# pnp4nagios Uprawnienia dla /var/lib/perfdata.dump

## saluo

Witam

Zainstalowałem pnp4nagios i wszystko wygląda że prawie działa. Problem jest tylko w jednym.

PNP domyślnie zapisuje  perfdata.dump oraz perfdata.log w /var/lib który nie ma prawa do zapisu przez grupę i innych.
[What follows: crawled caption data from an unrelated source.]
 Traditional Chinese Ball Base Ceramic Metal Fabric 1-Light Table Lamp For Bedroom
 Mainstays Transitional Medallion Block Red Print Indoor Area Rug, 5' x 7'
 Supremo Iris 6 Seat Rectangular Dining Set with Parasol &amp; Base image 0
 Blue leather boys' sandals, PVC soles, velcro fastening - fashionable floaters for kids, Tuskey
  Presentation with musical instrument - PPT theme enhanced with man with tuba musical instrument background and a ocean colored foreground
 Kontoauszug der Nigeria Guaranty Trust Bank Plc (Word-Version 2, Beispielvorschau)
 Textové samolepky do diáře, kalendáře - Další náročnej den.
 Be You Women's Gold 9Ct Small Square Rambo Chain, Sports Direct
Prawa zapisu są nadane jedynie dla właściciela. 

Gdy próbowałem problem rozwiązac przez ręczne utworzenie tych plików i nadanie im ręcznie uprawnień zapisu przez chwilkę było ok, lecz gdy polecenie rname wszystko staneło w miejscu z powodu braku uprawnień. 
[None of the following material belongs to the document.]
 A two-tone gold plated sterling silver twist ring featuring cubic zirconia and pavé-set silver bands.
Z tego co widzę rname tworzy na podstawie perfdata.dump spool'e w /var/spool/pnp.

Obecnie chwilowo problem został ominięty poprzez nadanie uprawnień zapisu przez grupę i innych na /var/lib, ale nie chce robic luki w systemie.

Nadmienię że znalazłem podobny temat na google, lecz po niemiecku, i nic z tego nie rozumie.

Z góry dzięki za pomoc.

----------

## grzywka18

osobiście nie znalazłem u siebie takich plików ale w ostateczności chyba możesz podmontować partycje z opcją -o acl i wtedy skorzystac z dodatkowych możliwości nadania uprawnień.

ps co do tłumaczenia to skorzystaj z [url]http://translate.google.pl/#de|pl|[/url]

----------